Perché
in questo periodo di crisi profonda della nostra economia le imposte
e tasse non vengono ridotte e, anzi, sono aumentate? Si dirà, a
parità di costi fissi pubblici (la spesa dello Stato per garantire i
servizi) col diminuire degli introiti privati (proprio perché
l'economia non riesce a sostenerne lo sforzo come faceva prima)
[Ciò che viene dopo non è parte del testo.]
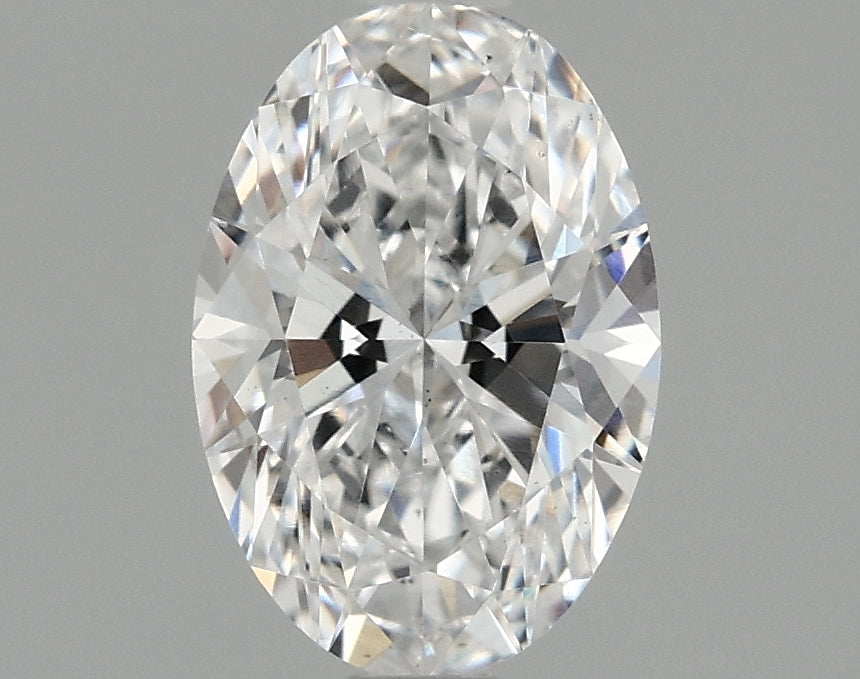 1.08ct Oval Lab-Grown Diamond — D VS2, IGI Certified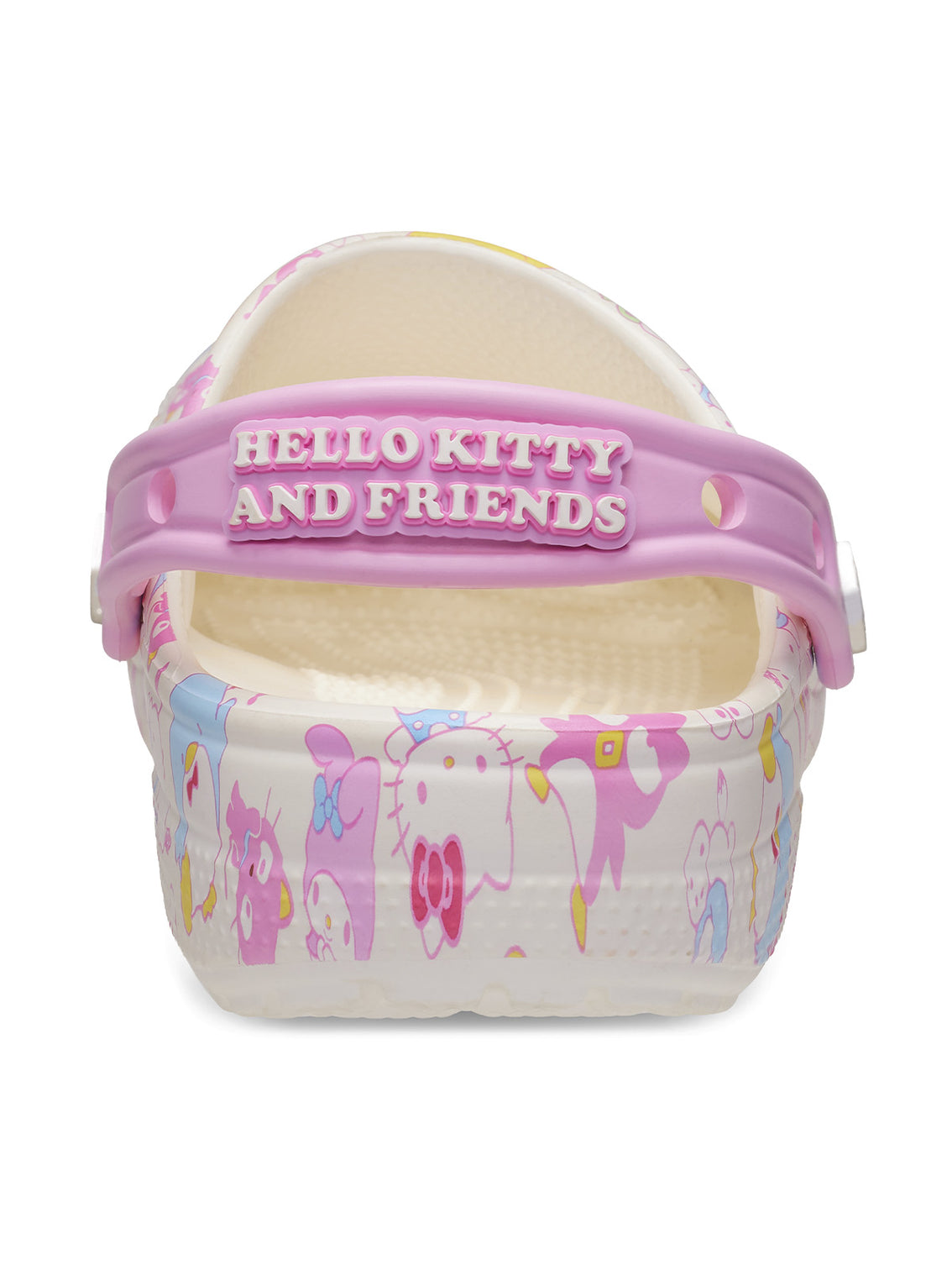 Zueco Mujer Hello Kitty Clog Blanco Crocs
occorre colmare il differenziale che si viene a creare tra queste due
voci. In questo modo, basterebbe ridurre molto semplicemente la spesa
pubblica (magari con una seria spending review) ed il gioco sarebbe
fatto. In realtà... no. Le cose non stanno proprio così. Una
componente di cui non teniamo conto autorizza lo Stato ad aumentare
la pressione fiscale proprio in funzione di un rallentamento del
motore dell'economia, della cosiddetta crescita. Per spiegarlo, non
abbiamo che da ricercare la formula grazie al quale viene calcolato
il PIL:Y=C+G+I (X-M). Y è il valore del PIL, C è quello dei consumi
finali, G è la spesa dello Stato, I gli investimenti privati, X le
esportazioni e M le importazioni). Come si evince da questa semplice
raffigurazione, se calano tutti gli indici economici (C, I, X, M) lo
Stato può dichiarare ufficialmente di essere in crisi e, quindi, in
recessione o cercare di mascherare il risultato aumentando il valore
di G. Ricordiamoci che ogni variazione negativa del PIL si traduce
(per quei Paesi col fardello di un pesante debito pubblico) in un
aumento di interessi passivi. Lo Stato, da diversi anni, chiude il
bilancio con un avanzo (ovverossia raccoglie più denaro di quanto ne
spende), tuttavia, il debito pubblico è continuato a salire perché
l'economia è in recesso o (quando va meglio) è ferma. Bob Kennedy,
il
18 Marzo del 1968, pronunciò
presso l'università del Kansas un memorabile discorso sui difetti
del sistema PIL. Tutto il resto... è fiction.